* **Data for processing**
-*-
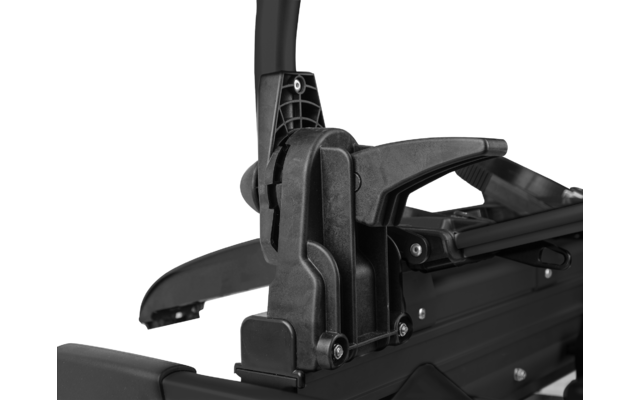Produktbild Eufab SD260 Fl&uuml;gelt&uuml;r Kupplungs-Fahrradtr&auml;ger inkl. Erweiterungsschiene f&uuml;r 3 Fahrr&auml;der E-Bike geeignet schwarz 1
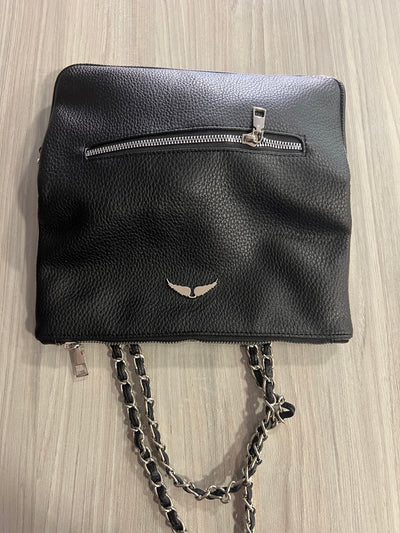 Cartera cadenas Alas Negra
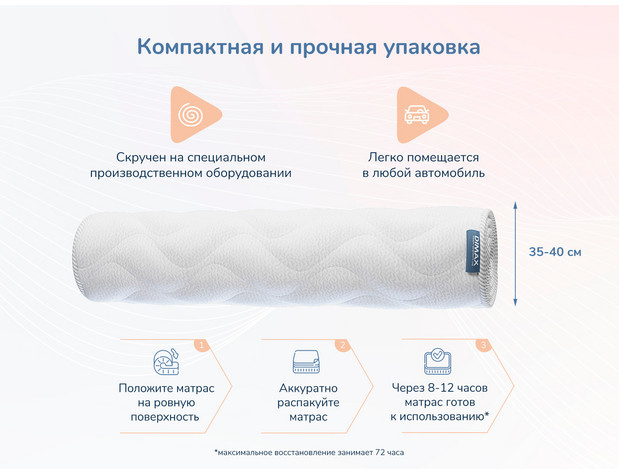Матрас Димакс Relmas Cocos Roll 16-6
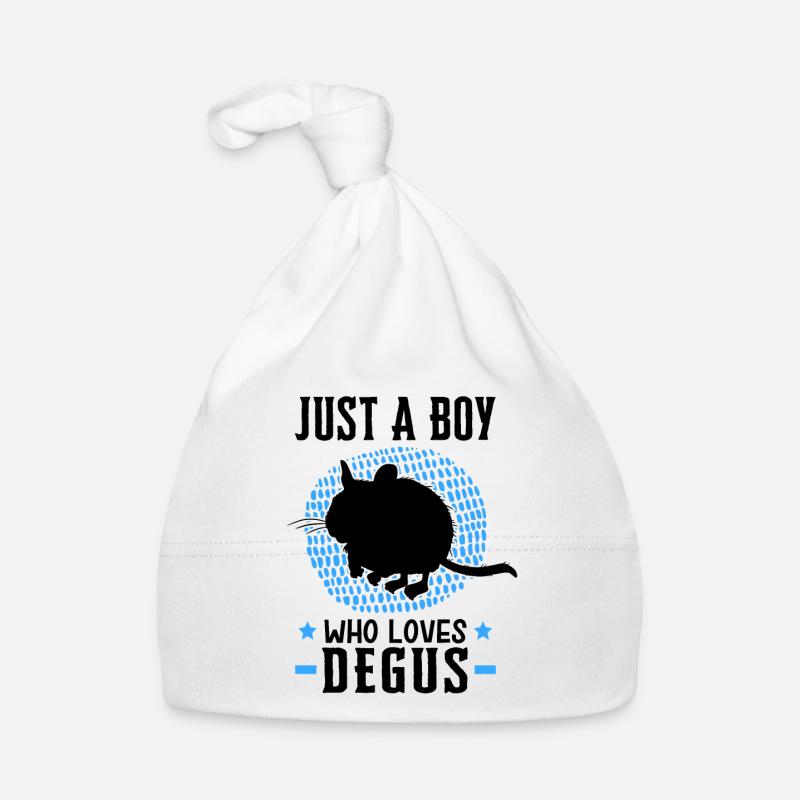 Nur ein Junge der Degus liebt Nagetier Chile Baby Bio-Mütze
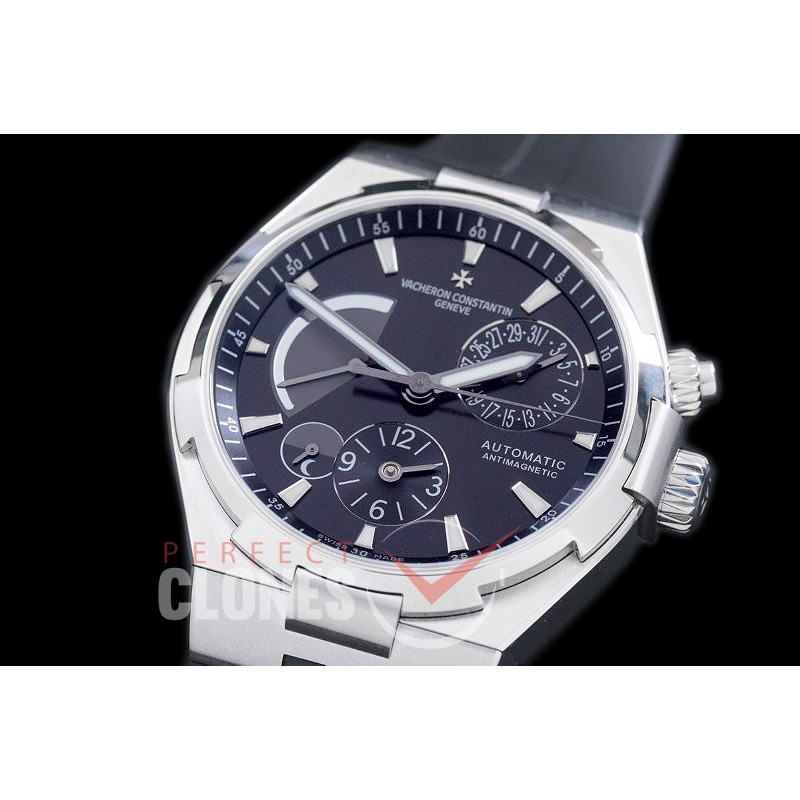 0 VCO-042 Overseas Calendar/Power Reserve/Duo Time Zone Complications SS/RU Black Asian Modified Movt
-*-
* **Exercise**
Return only the lines from the one containing "Матрас Димакс Relmas Cocos Roll 16-6" through the last line of the entries above, exactly as written and without pictures.

* **Problem solution**
Матрас Димакс Relmas Cocos Roll 16-6
 Nur ein Junge der Degus liebt Nagetier Chile Baby Bio-Mütze
 0 VCO-042 Overseas Calendar/Power Reserve/Duo Time Zone Complications SS/RU Black Asian Modified Movt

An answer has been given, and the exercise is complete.